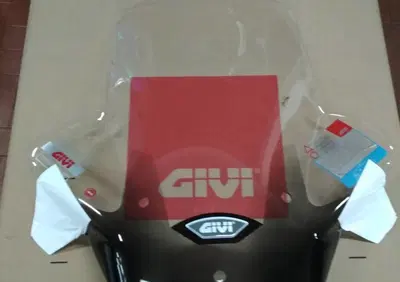 Parabrezza Givi MP3 300 / 400 / 500 (D5601ST) - Annuncio 7526514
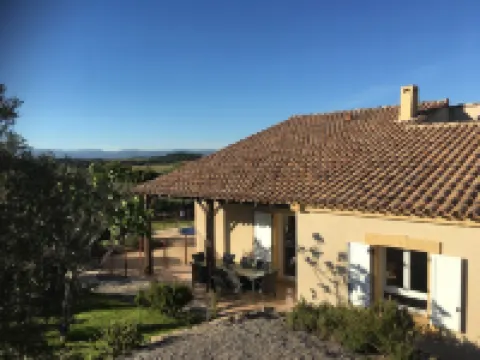 Cosy villa with pool
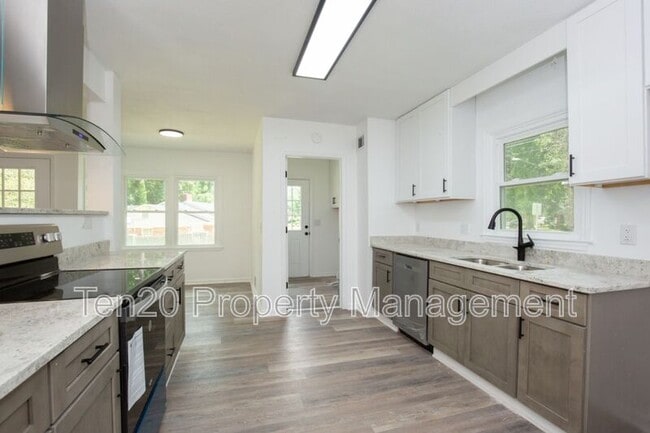 Building Photo - 2826 College Dr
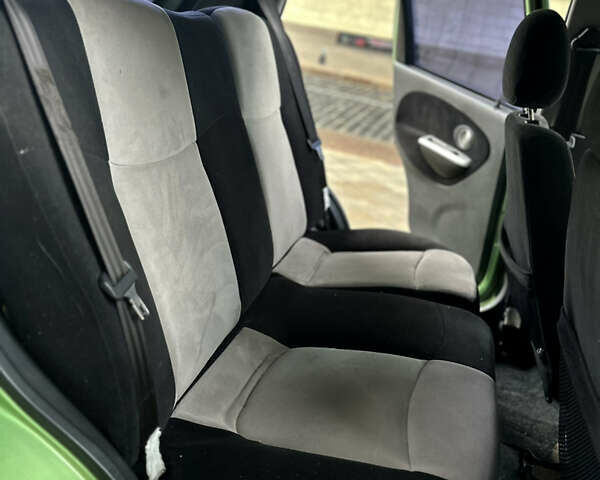 Зеленый Чери Кью Кью, объемом двигателя 1.08 л и пробегом 21 тыс. км за 1800 $, фото 9 на Automoto.ua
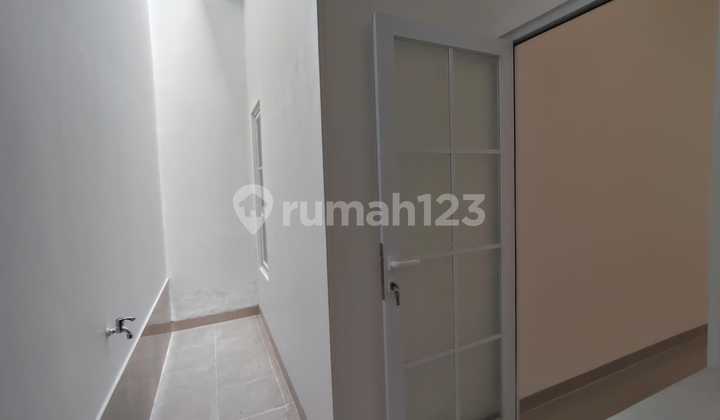 Di Jual Rumah Lokasi Strategis di Pamulang Di Jual Rumah Lokasi Strategis di Pamulang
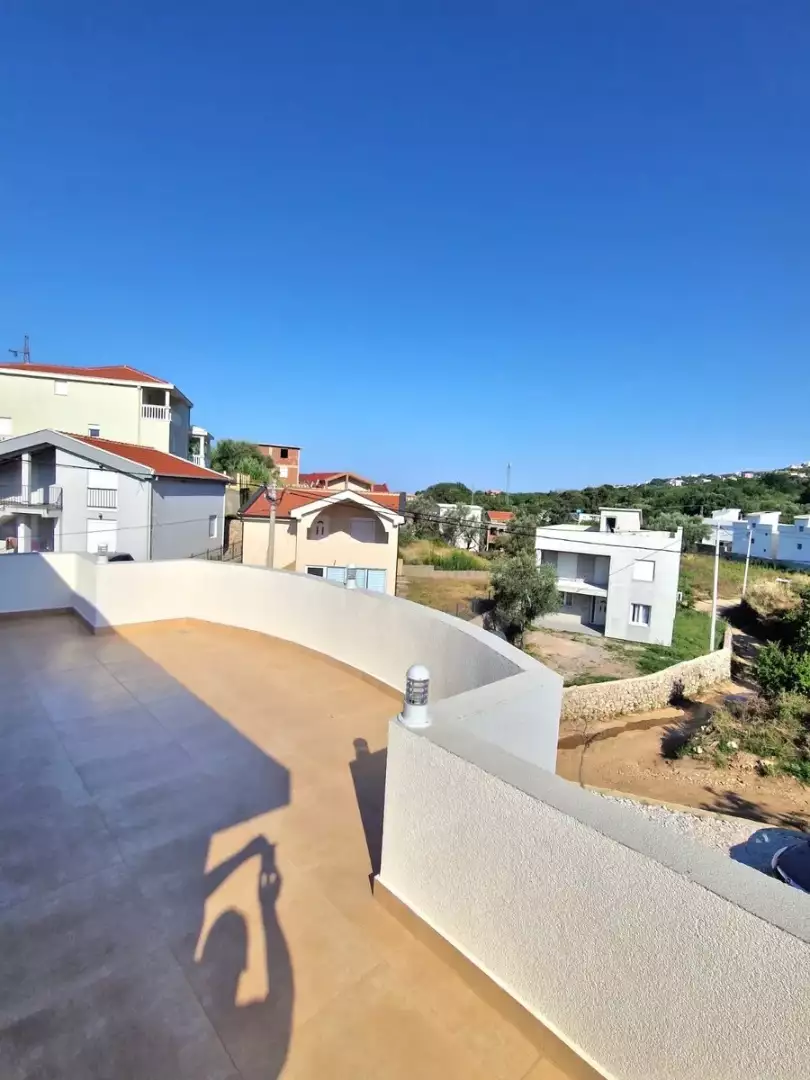 Villa 220m² in Montenegro, Dobra Voda. Priced at 225000€ rent photo-5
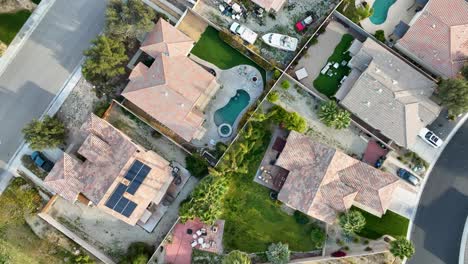 Vista-Superior-Corta-De-Casas-Y-Patios-Traseros-De-Desert-Park-Estates-California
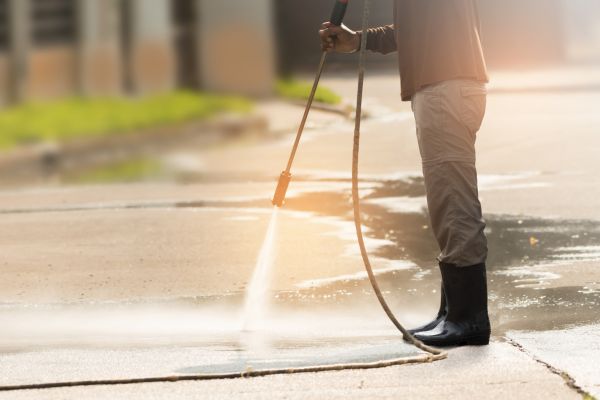 Residential Concrete Cleaning in Costa Mesa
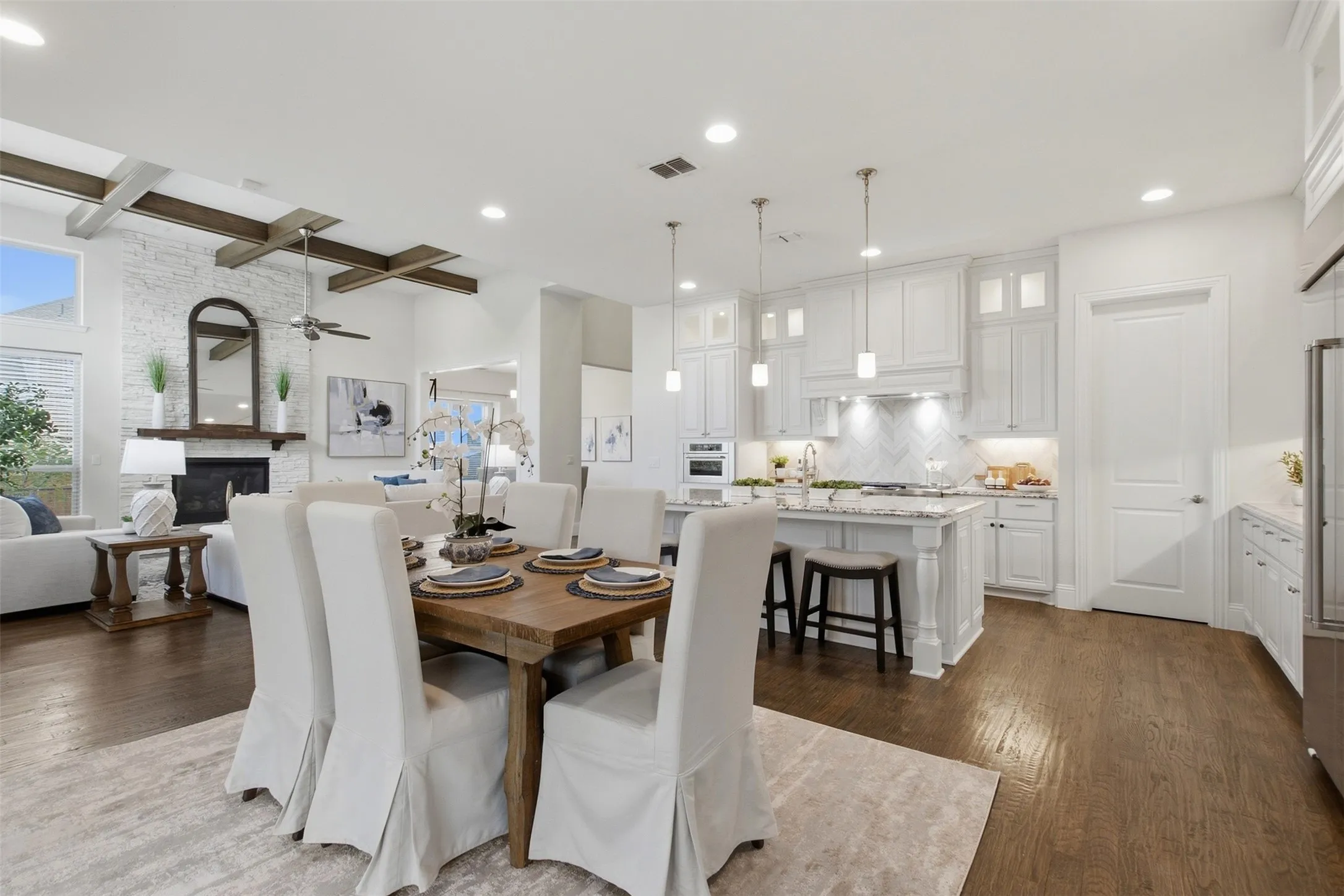 Single Family Residence For Sale in Collin County , 1201 Waterton Drive, Prosper, Texas 75078, 4 Bedroom, 4 Bathroom, 3 Garage spaces, 4,519 Sqft, built in 2017, mls#21348808, Real Estate Agent in Prosper, Homes For Sale in Collin county, Homes For Sale in Prosper, Realtor in Prosper Texas, Real Estate Brokerage Independent Realty Texas, Luminita Cordes Realtor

Directions: All of the records above should be written out exactly, with the pictures left out.

Your solution:
 Parabrezza Givi MP3 300 / 400 / 500 (D5601ST) - Annuncio 7526514
 Cosy villa with pool
 Building Photo - 2826 College Dr
 Зеленый Чери Кью Кью, объемом двигателя 1.08 л и пробегом 21 тыс. км за 1800 $, фото 9 на Automoto.ua
 Di Jual Rumah Lokasi Strategis di Pamulang Di Jual Rumah Lokasi Strategis di Pamulang
 Villa 220m² in Montenegro, Dobra Voda. Priced at 225000€ rent photo-5
 Vista-Superior-Corta-De-Casas-Y-Patios-Traseros-De-Desert-Park-Estates-California
 Residential Concrete Cleaning in Costa Mesa
 Single Family Residence For Sale in Collin County , 1201 Waterton Drive, Prosper, Texas 75078, 4 Bedroom, 4 Bathroom, 3 Garage spaces, 4,519 Sqft, built in 2017, mls#21348808, Real Estate Agent in Prosper, Homes For Sale in Collin county, Homes For Sale in Prosper, Realtor in Prosper Texas, Real Estate Brokerage Independent Realty Texas, Luminita Cordes Realtor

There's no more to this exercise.